Greg Lauren portrait
Photo: Los Angeles Times
Nationality
American
Active Years
2011–present
Status
active
American 2011–present active

Greg Lauren was born on January 6, 1970, in New York City, into a family whose name is synonymous with a particular vision of American style — he is the nephew of Ralph Lauren, the son of Jerry Lauren, who served as head of men’s design at the Ralph Lauren Corporation for over forty years — and the weight of that inheritance is inseparable from the work he has produced, even though the work itself is an act of radical deconstruction that takes the Americana vocabulary his uncle codified and tears it apart at the seams. Lauren studied art history at Princeton, graduating in 1991, and spent the following two decades as a fine artist: painting nudes that sold for up to fifteen thousand dollars and were purchased by Renée Zellweger, Demi Moore, and Ben Stiller; creating a series of oil paintings called “Hero” that depicted superheroes in mundane domestic settings; and, most consequentially, producing “Alteration” — an exhibition of over forty life-size sculptures of iconic menswear garments hand-sewn from Japanese paper to replicate wool, cotton, and gabardine, each one deliberately frayed and wrinkled to suggest a history the garment had never actually lived. The paper garments were a rehearsal for everything that followed.

In February 2011, Lauren launched his eponymous fashion label at Barneys New York with a collection of deconstructed suits, field jackets, and tuxedos made from repurposed fabrics — military duffel bags, cashmere blankets, army surplus, vintage flannel — each piece assembled by hand in his Los Angeles studio with the patchwork logic of a quilter and the eye of a painter who treats a seam as a brushstroke. The signature piece was and remains the tent jacket, constructed from actual U.S. Army tents, a garment that literalizes the relationship between clothing and shelter in a way that recalls Kosuke Tsumura’s Final Home while operating at a price point — jackets retail from nineteen hundred to over four thousand dollars — that situates the proposition firmly within luxury rather than conceptual art.

The production is almost entirely handmade. Lauren touches everything, occasionally going so far as to tear apart a near-complete piece to throw a patch over a rust stain or fill a gap that his eye identifies as compositionally incomplete. The garments are pieced together by Los Angeles-based quilters using post-consumer scraps and vintage materials, and the one-of-a-kind character of each piece is not a marketing conceit but a manufacturing reality — the variation in source materials means that no two jackets, no two shirts, no two patchwork trousers can be identical. This approach — zero-waste construction from reclaimed textiles, hand-distressing, artisanal assembly — aligns Lauren with the Japanese designers who have spent decades elevating reconstruction into a design philosophy.

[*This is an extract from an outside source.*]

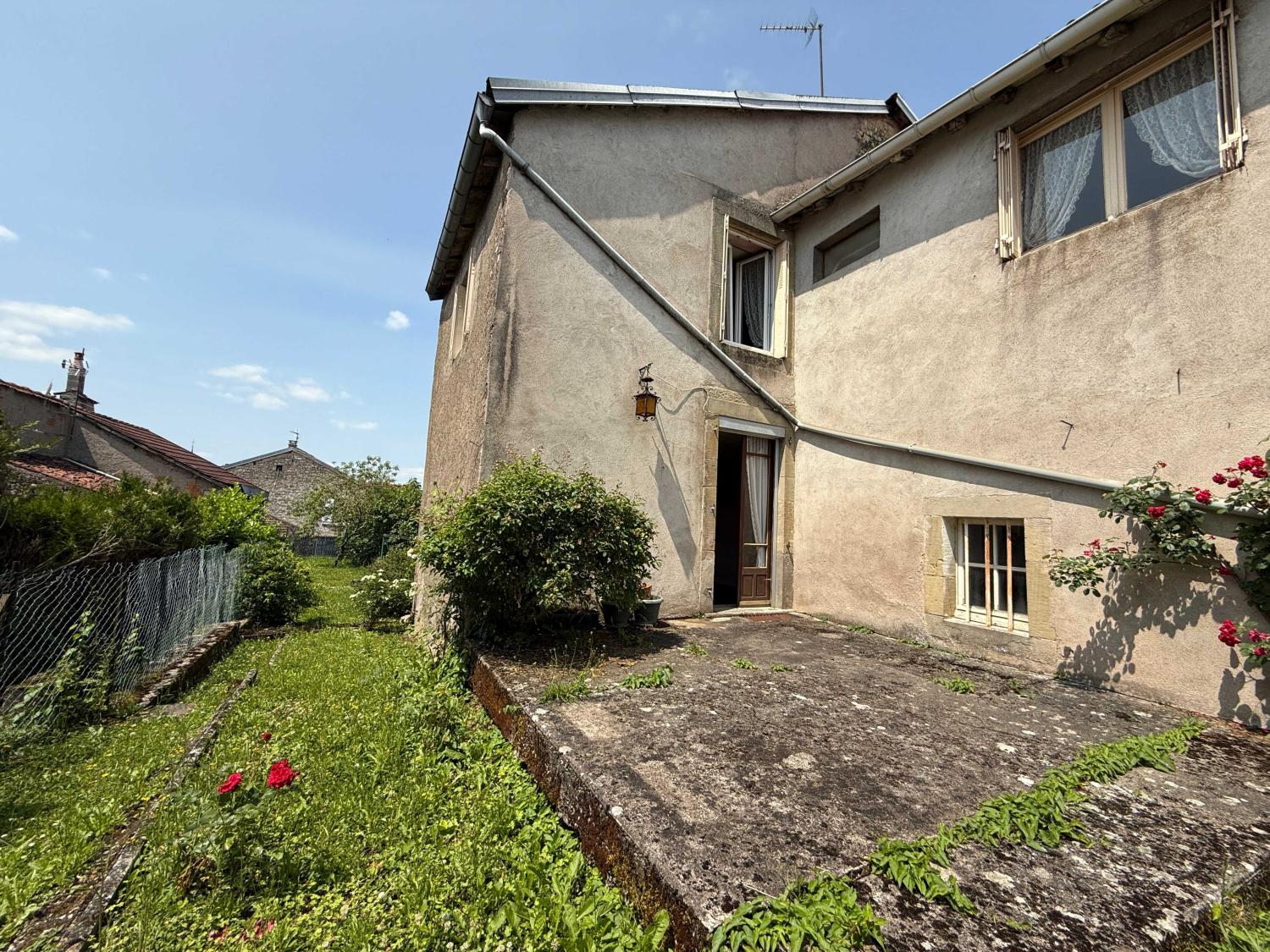  te koop dorpsboerderij Voisey Haute-Marne 11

The comparison to Kapital’s boro-inspired denim, to Visvim’s hand-dyed indigo, to Junya Watanabe’s patchwork reconfigurations of American workwear is inevitable and earned: Lauren occupies the same conceptual territory, arrived at from the opposite direction, an American deconstructing the mythology that the Japanese designers have spent years reconstructing with reverence.

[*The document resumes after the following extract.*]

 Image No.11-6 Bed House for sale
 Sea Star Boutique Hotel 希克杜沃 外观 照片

The relationship to Ralph Lauren is the question that every profile asks and that the work both answers and refuses to answer. The shared vocabulary is obvious — military surplus, Western wear, the worn-in textures of American heritage clothing — but where Ralph Lauren presents Americana as aspiration, as a vision of the good life rendered in cashmere and cavalry twill, Greg Lauren presents Americana as aftermath, as what remains after the vision has been disassembled and stitched back together with whatever materials survived. The distinction is not oppositional but generational: the uncle built the dream, the nephew lives in its ruins and finds beauty there.

Distribution has been concentrated in the institutions that recognize the territory between art and fashion: Barneys New York, Dover Street Market in London, New York, Tokyo, and Ginza — where Rei Kawakubo hosted an original Lauren installation — Bergdorf Goodman, Maxfield in Los Angeles, Isetan in Tokyo, Kith, 10 Corso Como Seoul, and L’Eclaireur in Paris. The brand is available in approximately forty stores worldwide, and the price positioning — ultra-luxury, justified by the labor hours visible in every seam — ensures that the audience remains small enough to sustain the artisanal model that makes the clothes possible. What Greg Lauren proved, beginning with paper sculptures in a Santa Monica gallery and continuing through a decade of hand-stitched tent jackets, is that destruction can be a form of design, that a garment’s history does not have to be real to be felt, and that the most interesting thing you can do with the American heritage vocabulary is take it apart and see what holds.